EXERCISE DIRECTIONS
In the entries that follow, find the line containing "A patient with dry needling treatment."; from there, copy every line exactly through the line containing "Y-Shaped Artery Atherosclerosis".

GIVEN DATA
+ + + + +
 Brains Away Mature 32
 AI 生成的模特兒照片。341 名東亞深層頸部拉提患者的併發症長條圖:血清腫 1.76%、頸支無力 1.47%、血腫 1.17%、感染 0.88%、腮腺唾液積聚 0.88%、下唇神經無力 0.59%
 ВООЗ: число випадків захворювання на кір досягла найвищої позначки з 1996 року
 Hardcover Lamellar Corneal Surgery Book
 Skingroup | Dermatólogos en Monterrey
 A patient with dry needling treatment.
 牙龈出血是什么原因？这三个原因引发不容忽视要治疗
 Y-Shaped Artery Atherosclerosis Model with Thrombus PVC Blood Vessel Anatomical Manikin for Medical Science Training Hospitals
+ + + + +
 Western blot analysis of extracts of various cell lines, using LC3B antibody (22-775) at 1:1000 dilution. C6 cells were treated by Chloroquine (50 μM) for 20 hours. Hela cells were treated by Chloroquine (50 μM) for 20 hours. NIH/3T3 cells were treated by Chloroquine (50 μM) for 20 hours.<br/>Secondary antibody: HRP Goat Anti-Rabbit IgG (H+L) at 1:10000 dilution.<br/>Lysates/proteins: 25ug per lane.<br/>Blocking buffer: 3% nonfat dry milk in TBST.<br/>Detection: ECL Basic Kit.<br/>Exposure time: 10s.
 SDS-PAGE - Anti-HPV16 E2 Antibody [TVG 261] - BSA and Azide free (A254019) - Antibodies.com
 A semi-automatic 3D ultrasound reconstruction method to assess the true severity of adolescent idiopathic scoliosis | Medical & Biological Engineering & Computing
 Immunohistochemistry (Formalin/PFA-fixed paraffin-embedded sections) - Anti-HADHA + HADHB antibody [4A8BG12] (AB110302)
+ + + + +
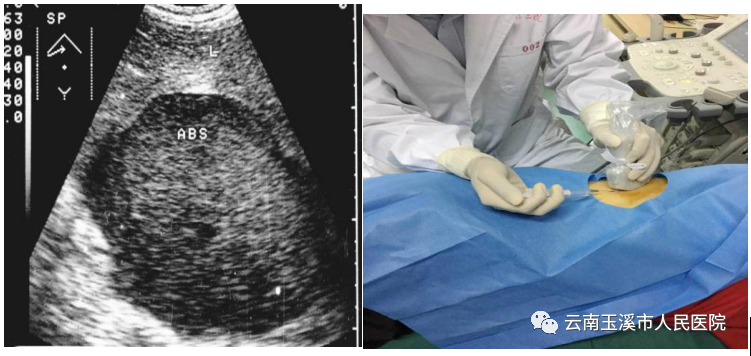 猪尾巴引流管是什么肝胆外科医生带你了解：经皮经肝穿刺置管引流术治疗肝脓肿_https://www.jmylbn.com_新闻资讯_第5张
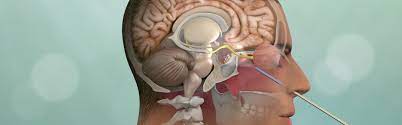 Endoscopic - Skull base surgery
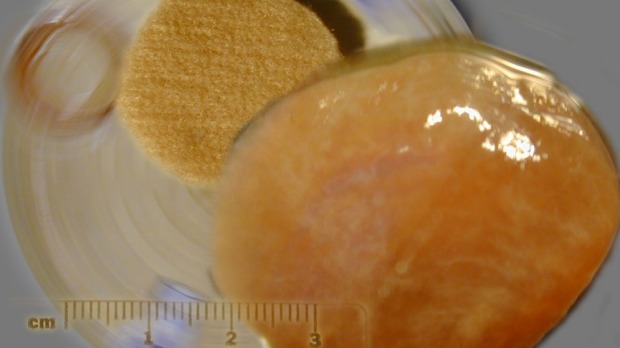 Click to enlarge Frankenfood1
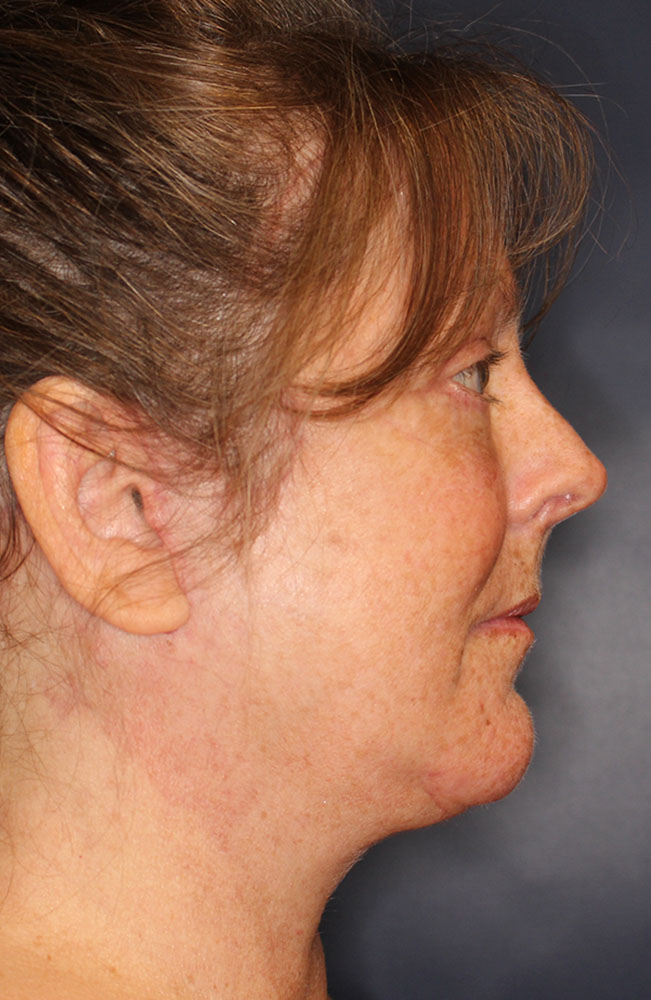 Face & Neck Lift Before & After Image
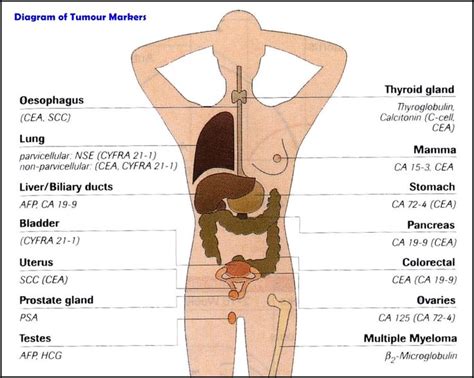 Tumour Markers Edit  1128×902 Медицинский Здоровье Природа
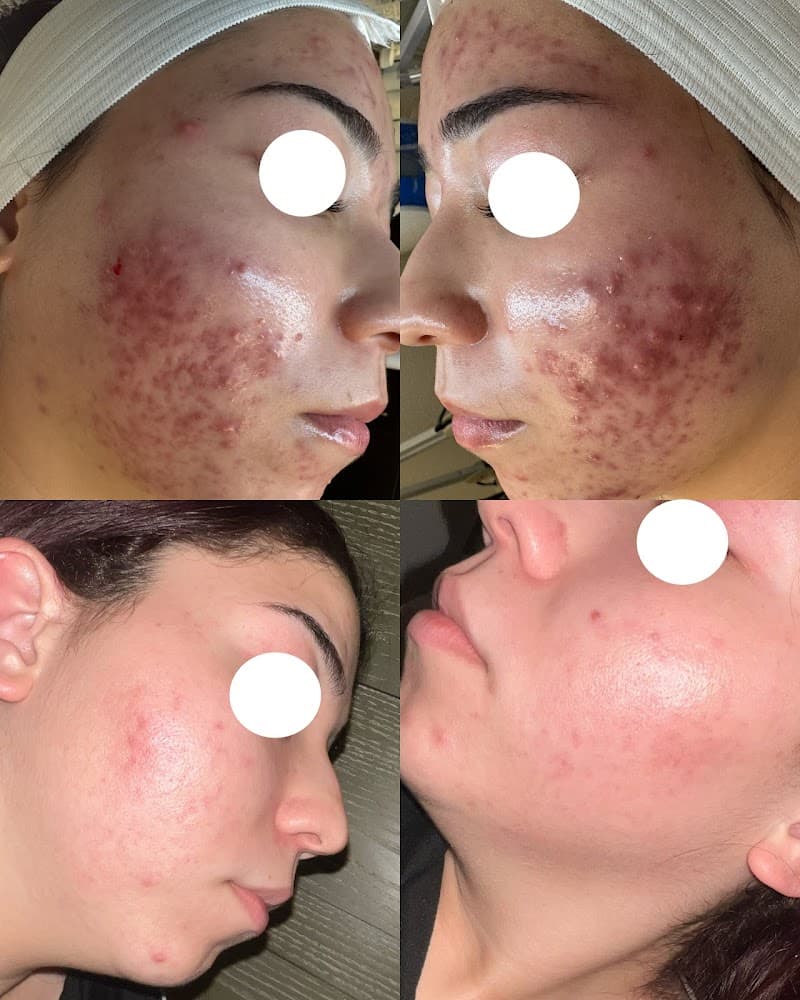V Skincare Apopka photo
+ + + + +
OUTPUT
 A patient with dry needling treatment.
 牙龈出血是什么原因？这三个原因引发不容忽视要治疗
 Y-Shaped Artery Atherosclerosis Model with Thrombus PVC Blood Vessel Anatomical Manikin for Medical Science Training Hospitals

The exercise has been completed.